Feldman v. Arnold

158 Minn. 243 | Minn. | 1924

Taylor, C.

The trial court sustained a demurrer to the complaint on the ground that it failed to state a cause of action in favor of plaintiffs, and they appealed.

It appears from the complaint that the Farmers & Merchants State Bank of Montevideo, with a capital stock of $75,000 and deposits exceeding $500,000, held uncollectible paper exceeding $120,000 in amount, and was insolvent; and that the superintendent of banks had notified its officers that it would be closed and put in liquidation, unless sufficient new assets were provided to take care of its liabilities. It further appears from the complaint that the principal stockholders of the bank, including all of its officers of whom defendant was one, entered into an agreement with the plaintiffs to the effect that the stockholders should transfer to plaintiffs 51 per centum of the capital stock of the bank; that plaintiffs should take over the control and management of the bank and furnish it sufficient funds to enable it to meet its lawful obligations; that paper of the face value of $30,000 should be charged off the bills receivable and be delivered to the contributing stockholders; that plaintiffs should have the right, within 12 months, to designate other paper which they deemed unsafe to the aggregate amount of $40,000 face value; that these stockholders “should guarantee to the plaintiffs the payment of said sum by an instrument in writing.”; and that Exhibit A attached to and made a part of the complaint was executed by these stockholders as and for such written guaranty.

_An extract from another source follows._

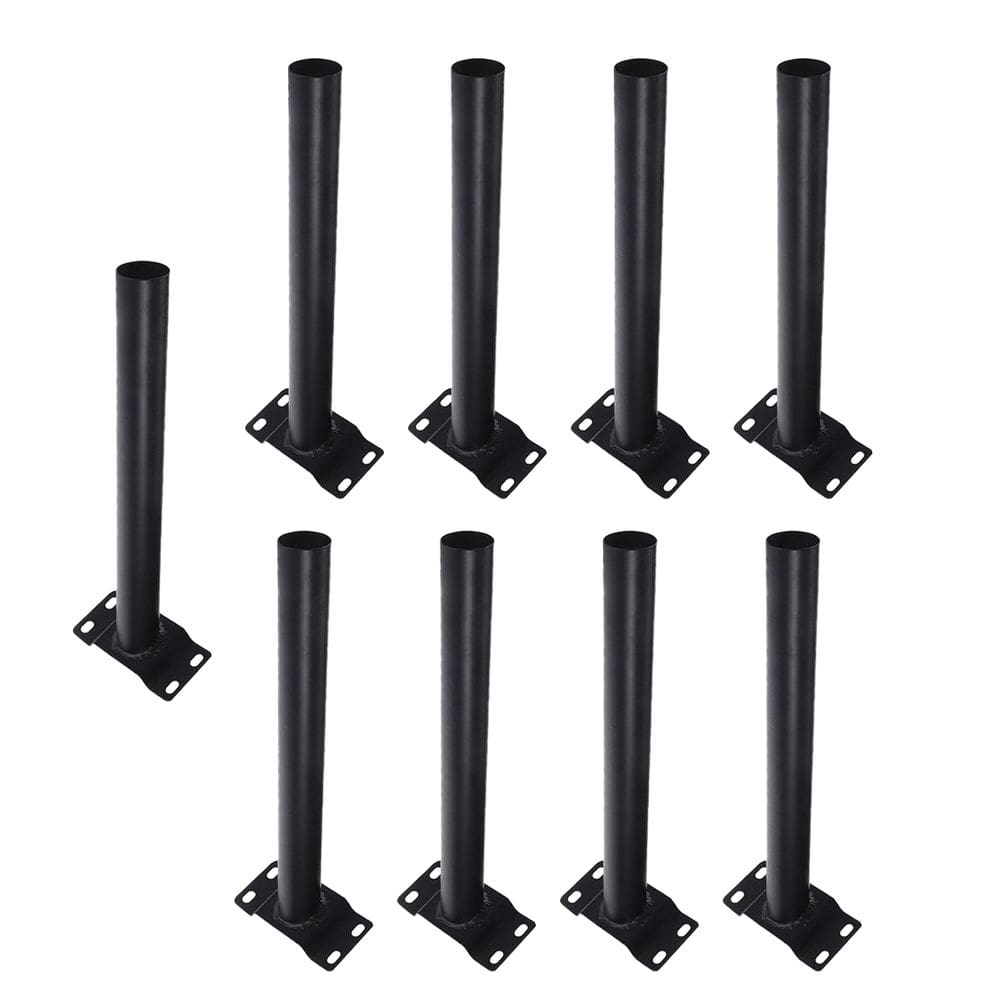 Suporte Luminaria Solar Poste Kit 9 Unidades Aço Pintura Eletrostatica Barra Iluminaçao Estrada Jardim Quintal Proteçao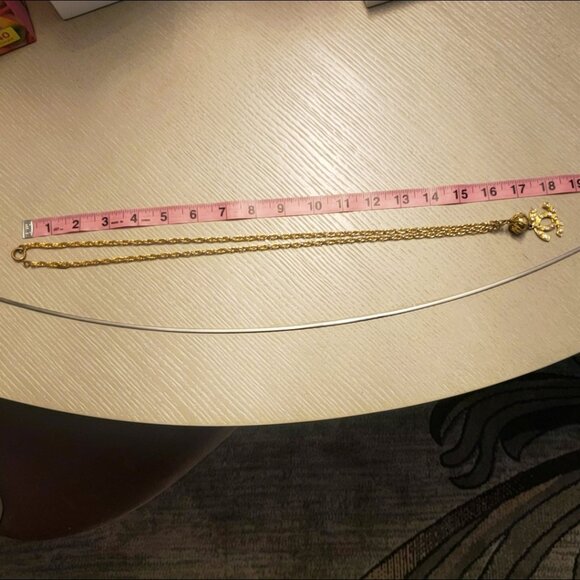 🚨SOLD🚨🩷✨Chanel Vintage Necklace Interlocking Strass/Crystal Necklace - Picture 14 of 16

It further appears from the complaint that 51 per centum of the capital stock of the bank was transferred to and accepted by plaintiffs; that plaintiffs took over the management of the bank and “put into said bank in cash more than one hundred thousand dollars”, and paid the demands of its depositors and other creditors so that the bank has continued in business and met its lawful obligations; that paper of the face value of $30,000 was charged off the bills receivable and delivered to the signers of Exhibit A in accordance with the terms thereof; that plaintiffs duly designated other paper of the face value of $40,000 to be paid by the signers *245of Exhibit A as provided therein, and gave due notice thereof; that the proportionate share for which defendant is liable, as fixed by Exhibit A, is the sum of $12,748; that defendant has refused to pay any part of the same; and that judgment is demanded against him for that amount.

Exhibit A upon which the action is based reads as follows:

“For value received, we, the undersigned, hereby guarantee payment to E. J. Feldman and J. F. Engel, their heirs, executors, administrators and assigns, Forty Thousand dollars of the bills receivable claims and accounts of the Farmers and Merchants State Bank of Montevideo, Minn., said Forty Thousand dollars to be borne by us in proportion to the amounts set opposite of each of our respective names. No signer shall be liable for more than the sum set opposite his name. It is understood and agreed that the said E. J. Feldman and J. F. Engel, their heirs, executors and administrators and assigns are first to charge off up to the amount of Thirty Thousand dollars of bills receivable, claims and accounts and be delivered to the contributing stockholders, to which said E. J. Feldman and J. F. Engel relinquish their share; the same to be taken out of the undivided profits and surplus, and said Forty Thousand dollars shall cover such papers that said E. J. Feldman and F. J. Engel, their heirs, executors, administrators and assigns will not consider safe and bankable papers.
“It is further understood and agreed that the said E. J. Feldman and J. F. Engel, their heirs, executors, administrators and assigns are to have twelve months from this date to decide on what paper they wish to have guaranteed up to the amount of not exceeding forty thousand dollars, and it is further understood that at the end of the twelve months E. J. Feldman and J. F. Engel, their heirs, executors, administrators and assigns will notify the undersigned of such paper that they wish to have guaranteed or paid and the undersigned are to have sixty days from that date to raise money for any paper that should be considered a loss and asked to be paid.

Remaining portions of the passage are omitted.